Task details
Pictures aside, return every line below exactly as written.

Source material
---------------

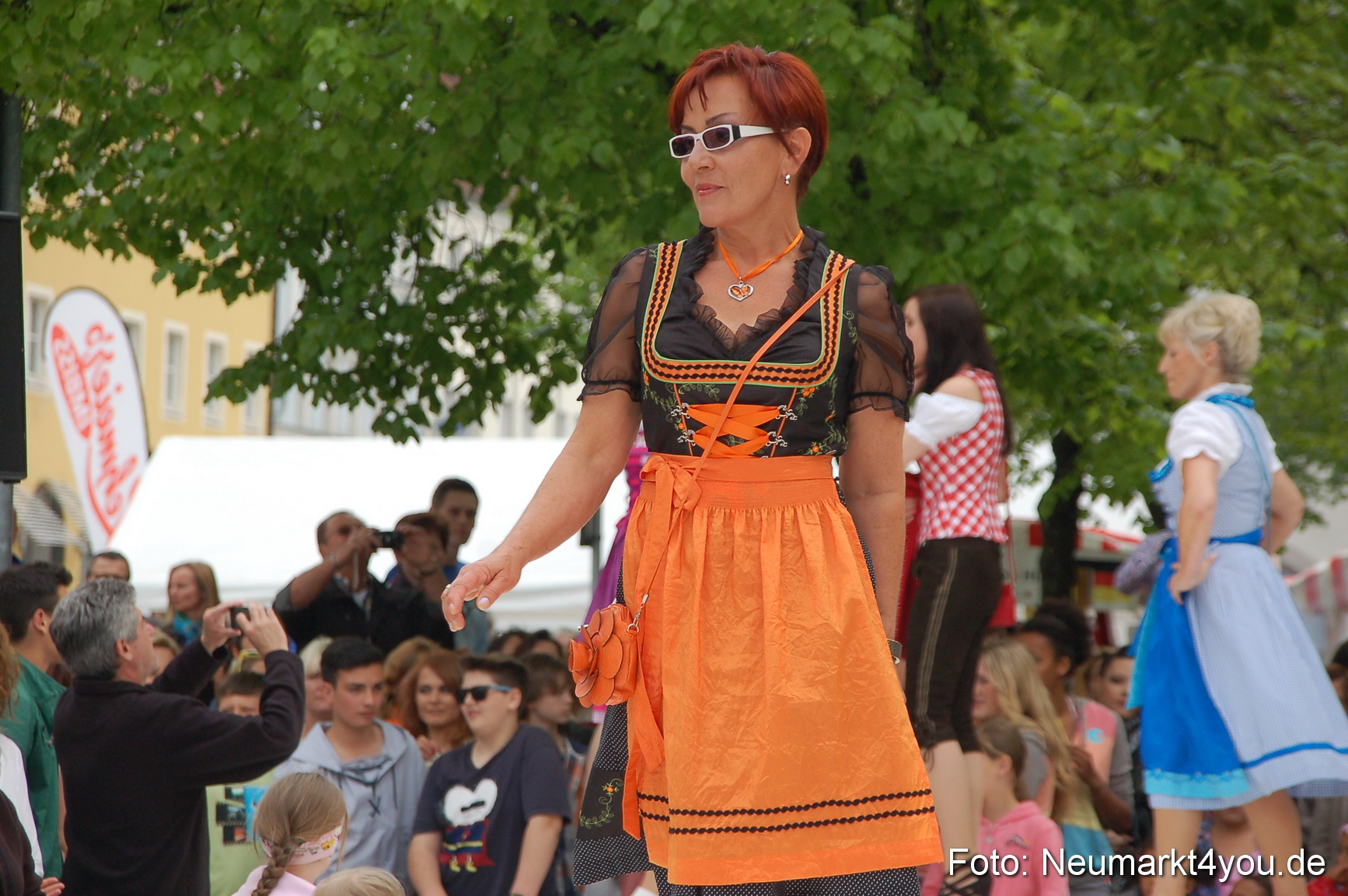 Nacht der Sinne 110513 0163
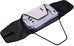 Thule Packing Garment Folder TGF201 white (3204862)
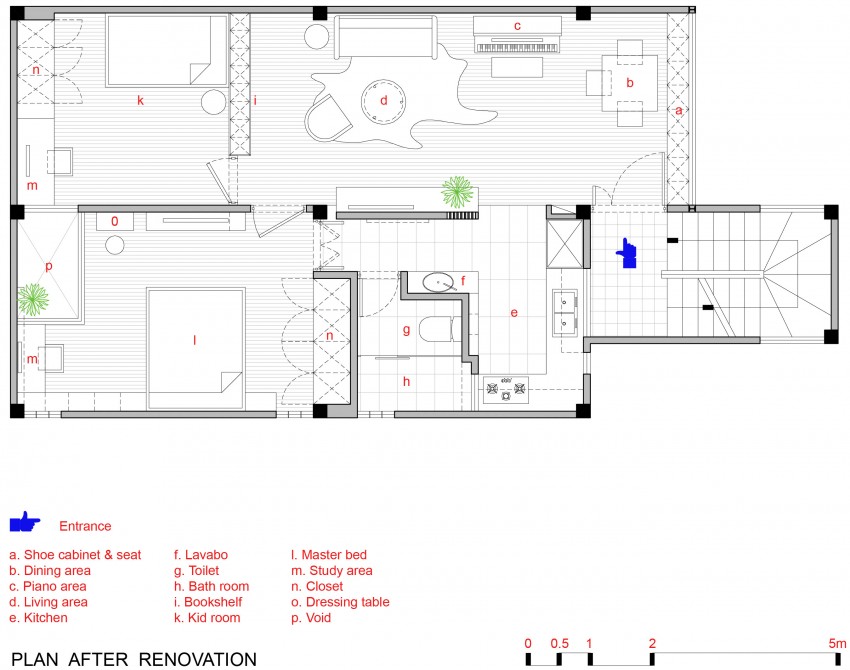 TH-Apartment-12-850x670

---------------

Result
 Nacht der Sinne 110513 0163
 Thule Packing Garment Folder TGF201 white (3204862)
 TH-Apartment-12-850x670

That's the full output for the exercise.